Russian shellfire has crashed into the power grid in the southern city of Kherson, Ukrainian officials said on Thursday, cutting power to beleaguered residents and illustrating the problem for Ukraine as it races to restore basic utilities damaged by weeks of Russian strikes.
The attacks are the latest frustration for the city, which sits on the west bank of the Dnipro River. Ukraine reclaimed Kherson on Nov. 11, forcing Russian troops to withdraw to the east bank after a counteroffensive that lasted for months. Since then, Russian forces have fired hundreds of shells across the river at the city.
The authorities have been encouraging residents to leave Kherson, given the lack of power and water in the city, but they have also been racing to reconnect supplies. On Wednesday, the authorities said they had restored power to 20 percent of customers, only for more strikes to reverse the situation.
“There is no voltage in power lines in Kherson,” Yaroslav Yanushevych, the head of the regional military administration, said in a post on the Telegram social messaging app. “This happened because of large-scale attacks on the city by the Russian invaders.”
Russian forces fired 34 shells on Thursday that hit five settlements in the broader region, killing one person and wounding two others, Mr. Yanushevych said, adding that engineers from local power company Khersonoblenergo were again working to restore the power lines.
Russia’s aerial attacks on Ukraine’s energy infrastructure escalated sharply in October as Moscow sustained a series of battlefield losses that military experts say have thwarted its strategy for securing Ukraine’s Black Sea coast and the whole of the eastern Donbas region.
Despite the efforts of Ukrainian engineers, and the support of the European Union and the United States, which have started to deliver both transformers and heavy generators, it will take six months to restore the damaged infrastructure, according to Andriy Herus, head of Ukraine’s committee on energy and housing.
“During this winter it is impossible to restore all the damaged facilities of the energy infrastructure,” Mr. Herus said on Ukraine’s Espresso television channel. “The Ukrainian energy system is under constant Russian fire.”
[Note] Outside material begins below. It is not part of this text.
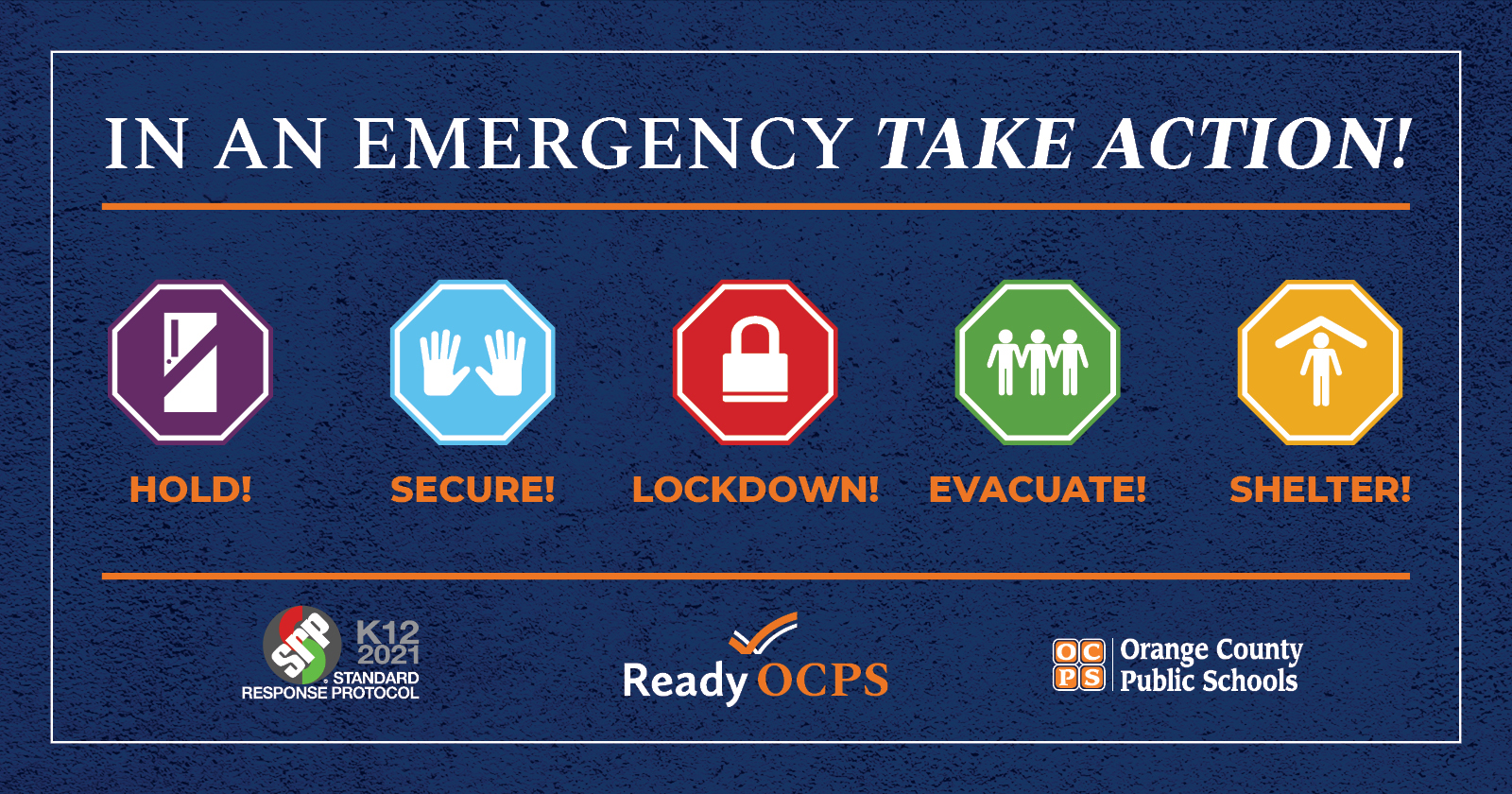 In An Emergency Take Action! Hold! Secure! Lockdown! Evacuate! Shelter!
Ukraine’s European partners were having to manufacture some of the equipment that Ukraine needs, a process that would take six months, he said. At the same time, Ukraine was trying to repair damaged facilities but had instituted a series of rolling blackouts to compensate for the shortages.
This week, the deputy minister of internal affairs, Yevhen Yenin, said on Ukrainian television that a total of 520 cities, towns and villages were facing power supply problems because of the attacks.
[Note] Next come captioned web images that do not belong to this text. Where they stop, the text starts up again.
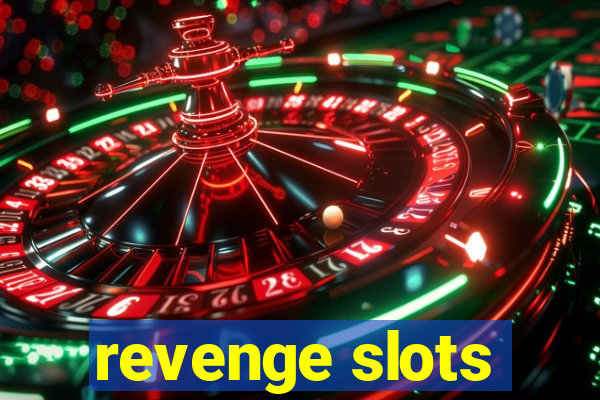 revenge slots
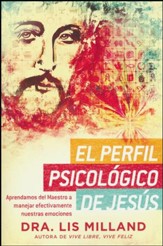 El Perfil Psicológico de Jesús  (The Psycholgical Profile of Jesus)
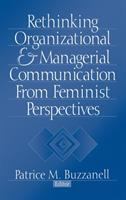 Rethinking organizational & managerial communication from feminist perspectives /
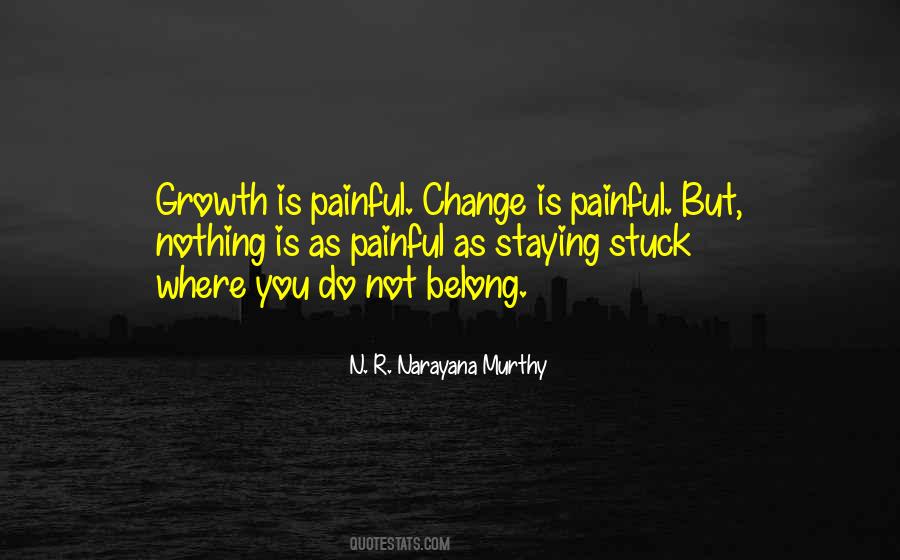 Growth Is Painful Change Is Painful Quotes #1521150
Places on the conflict’s front lines, such as the city of Kherson, face a particular problem because they are also subject to local mortar and artillery fire, as well as broader strikes.
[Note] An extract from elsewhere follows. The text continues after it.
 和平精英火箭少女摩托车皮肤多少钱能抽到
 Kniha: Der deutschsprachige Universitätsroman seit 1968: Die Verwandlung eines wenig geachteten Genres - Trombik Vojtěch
The head of the regional military administration in Donetsk, a province in Donbas, told journalists on Wednesday that it was too dangerous for engineers to try to fix the power system in Bakhmut, a city that has been devastated by months of fighting as Russian forces attempt to capture it.
“Aerial power lines are destroyed to the extent that we can count them in kilometers,” said the official, Pavlo Kyrylenko, adding that 1,235 people had been killed by shellfire in the province since Russia launched its full-scale invasion of Donetsk in February.